**EXERCISE PROMPT**
Set down the data below from its first line to the line holding "Next, some extra", inclusive; omit all pictures.
(PROVIDED DATA)
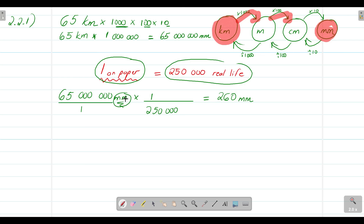So 260 millimeters on the map equals 65 kilometers in real life. When working with real-life distances, we don't use millimeters — for example, from Johannesburg to Soweto is approximately 44 kilometers. An alternative approach is to measure in centimeters instead of millimeters on your paper. Let's work through the same question using centimeters.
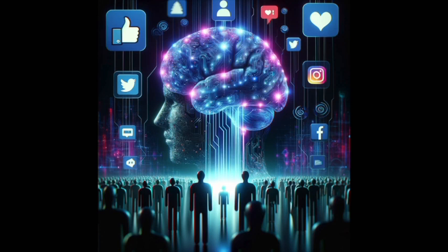First, let's demystify AI. In simple terms, AI involves machines performing tasks that typically require human intelligence. This includes learning, decision-making, and problem-solving.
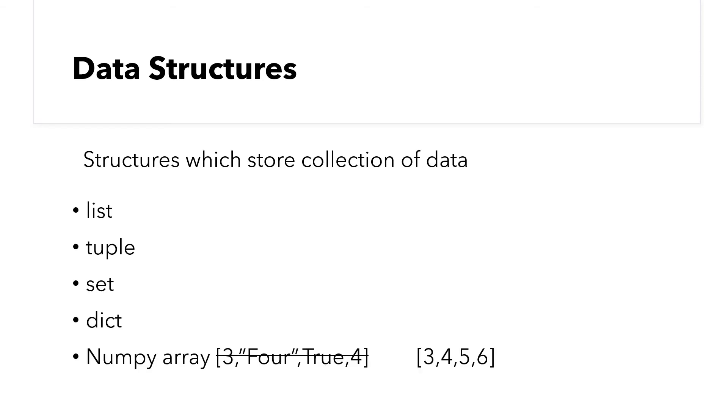Let us simply list the data structures in Python for now. We have lists, tuples, sets, and dictionaries. We also have arrays in NumPy package. But in NumPy array, the objects will all have to be the same type.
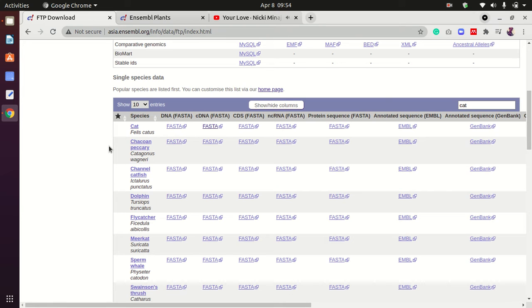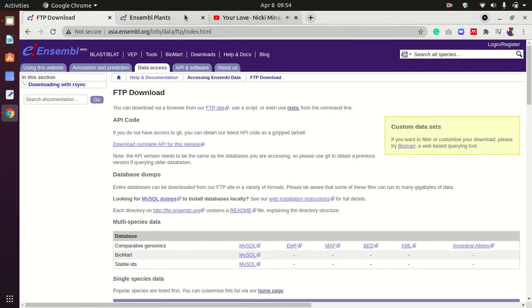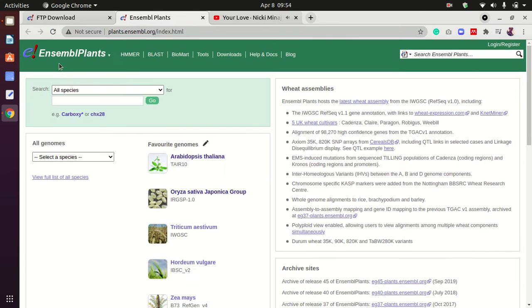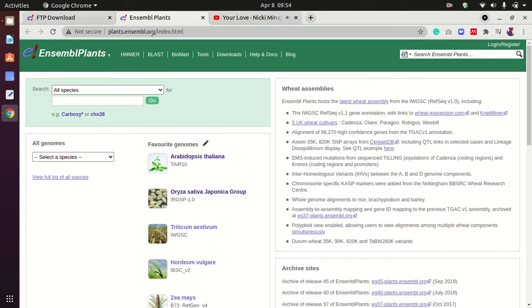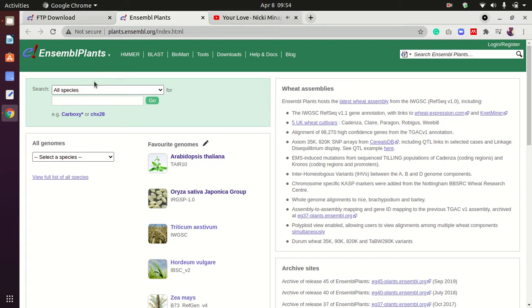Alright friends, today I'm going to tell you how to download datasets from the Ensembl database. We've already opened the homepage of the Ensembl database plant section.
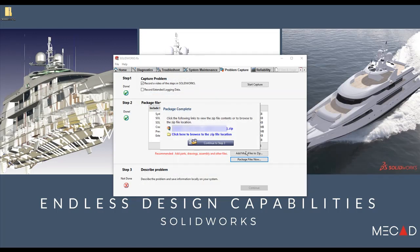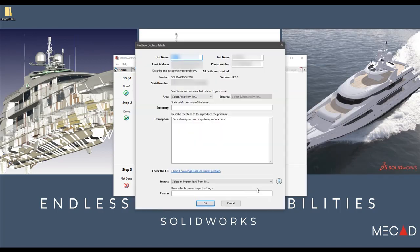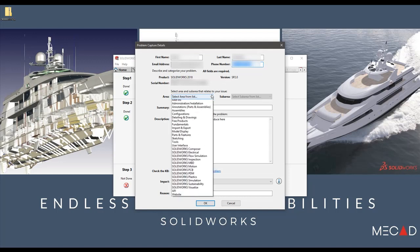Next, some extra information must be added before we can complete the Rx problem capture. I'm going to input my full name and my contact details. The Rx tool automatically recognizes your SOLIDWORKS version and your serial number.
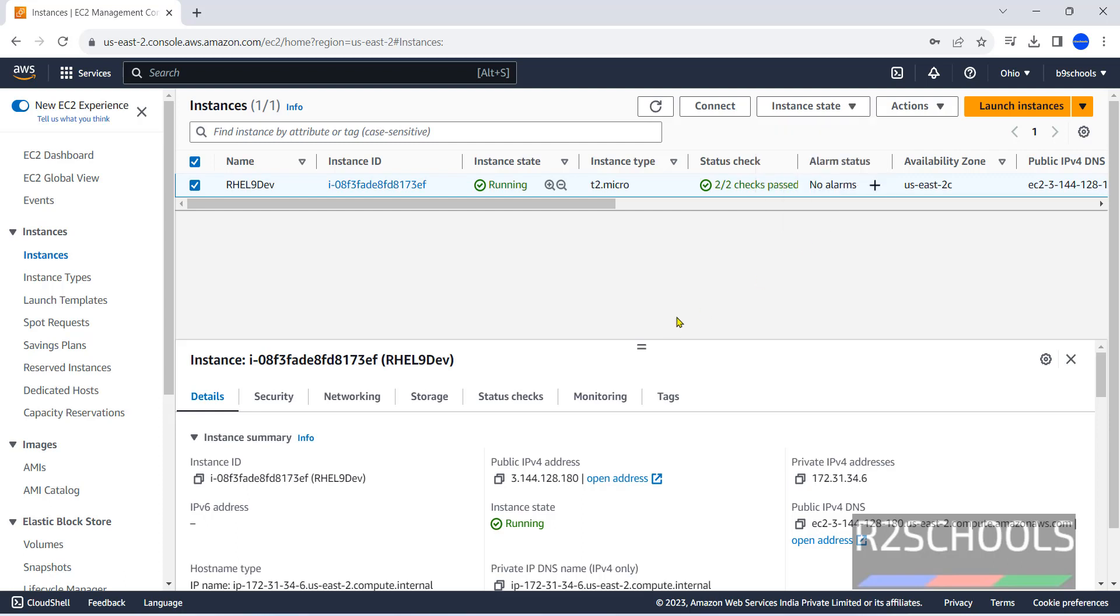So, in this video, we have seen how to create and connect to RHEL 9 EC2 instances on Amazon Web Services. Then, we have seen how to stop, start, restart and terminate the EC2 instance on AWS. For more AWS and cloud videos, please subscribe my channel. Thank you.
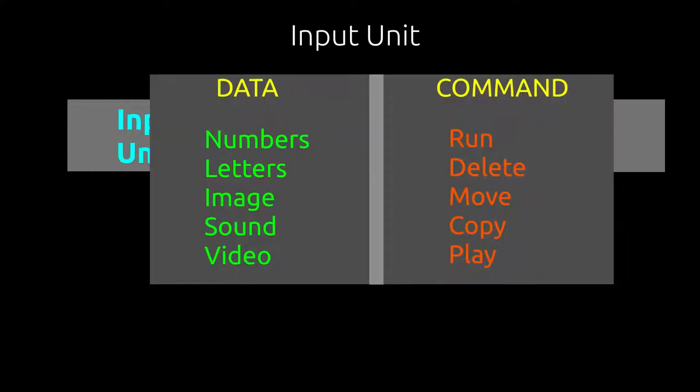Input data can be sent in the form of image, numbers, characters, sound, video, etc. And input commands can be run, play, delete, copy, paste, move, etc.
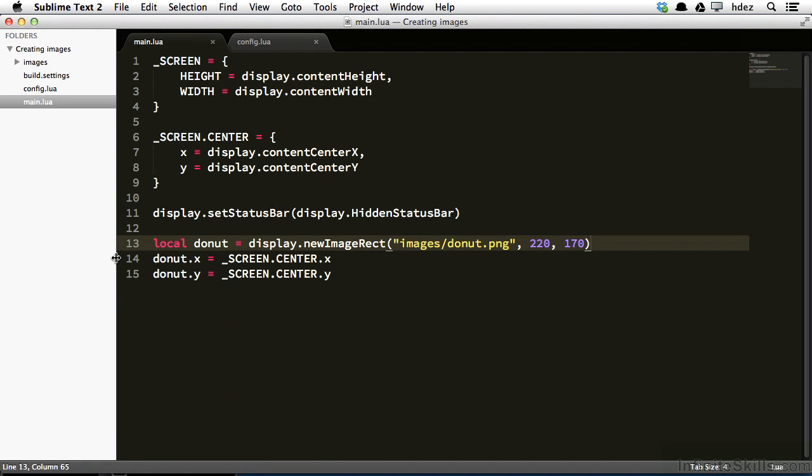So already we can see that Corona affords us a really easy method to create images. And as we'll find with most of our display objects, creating any visual assets is a breeze with Corona.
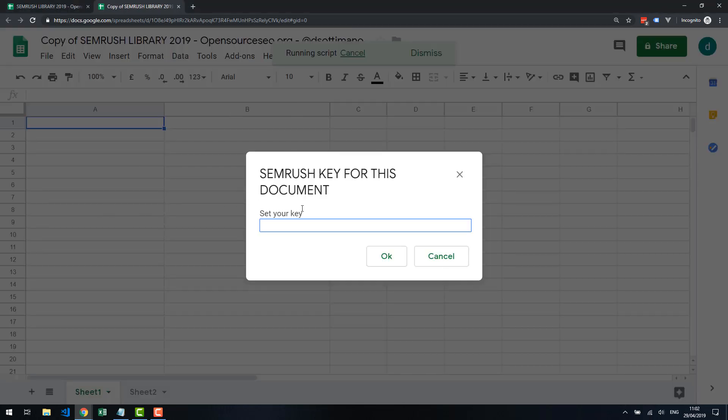Obviously you need to add your SEMrush API key, but that's it. The script is up and running.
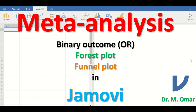Meta-analysis in Jamovi with an outcome that is binary. A binary variable is a variable that has two levels in it, such as yes or no, smoking or not smoking, have cancer or doesn't have cancer, dead or alive. So it is binomial data with only two categories, and the effect size is measured through the odds ratio.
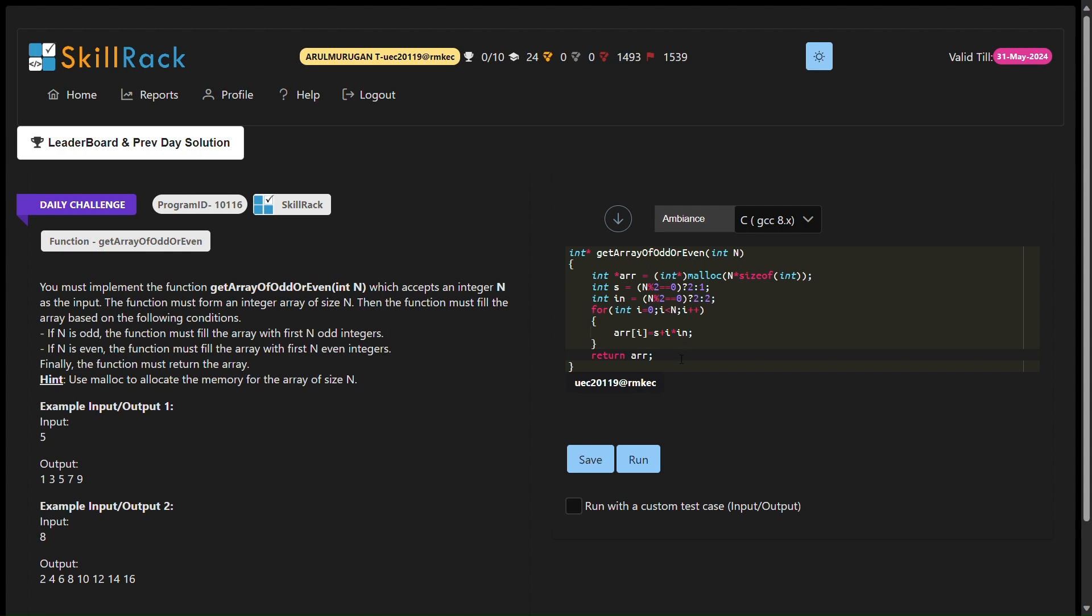If n is odd, the function will fill the array with the first n odd integers. If n is even, the array will contain the first n even integers.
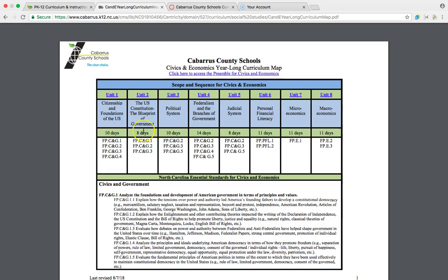Notice that there are now only eight units instead of nine. One of the things we noticed was that the personal financial literacy and economics portion of the NCFE was anywhere from 49 to 52 percent of the test, and yet our curriculum didn't reflect that. So changes were made where now approximately 40 percent of the semester is focused on personal financial literacy and economics. The former Unit 6, state and local governments, has been consolidated into Unit 4, federalism and the branches of government, with standards and essential questions aligned. Those economic elements now have 33 days for instruction, approximately 40 percent of the semester.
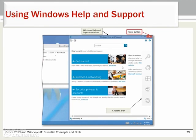Windows Help and Support is available when using Windows or when using any Microsoft app running in Windows. Swipe in from the right edge of the screen or point to the upper right corner of the screen to display the charms bar. Tap or click the Settings charm on the charms bar to display the Settings menu.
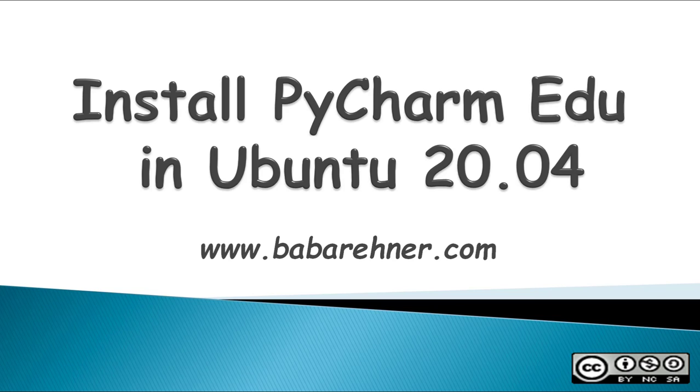This video is about how to install PyCharm EDU in Ubuntu 20.04. It also covers the installation of PIP, a Python Package Manager, and VirtualENV so that you can configure PyCharm to write Python programs.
(End PROVIDED DATA)
**WRITTEN SOLUTION**
So 260 millimeters on the map equals 65 kilometers in real life. When working with real-life distances, we don't use millimeters — for example, from Johannesburg to Soweto is approximately 44 kilometers. An alternative approach is to measure in centimeters instead of millimeters on your paper. Let's work through the same question using centimeters.
First, let's demystify AI. In simple terms, AI involves machines performing tasks that typically require human intelligence. This includes learning, decision-making, and problem-solving.
Let us simply list the data structures in Python for now. We have lists, tuples, sets, and dictionaries. We also have arrays in NumPy package. But in NumPy array, the objects will all have to be the same type.
Alright friends, today I'm going to tell you how to download datasets from the Ensembl database. We've already opened the homepage of the Ensembl database plant section.
Next, some extra information must be added before we can complete the Rx problem capture. I'm going to input my full name and my contact details. The Rx tool automatically recognizes your SOLIDWORKS version and your serial number.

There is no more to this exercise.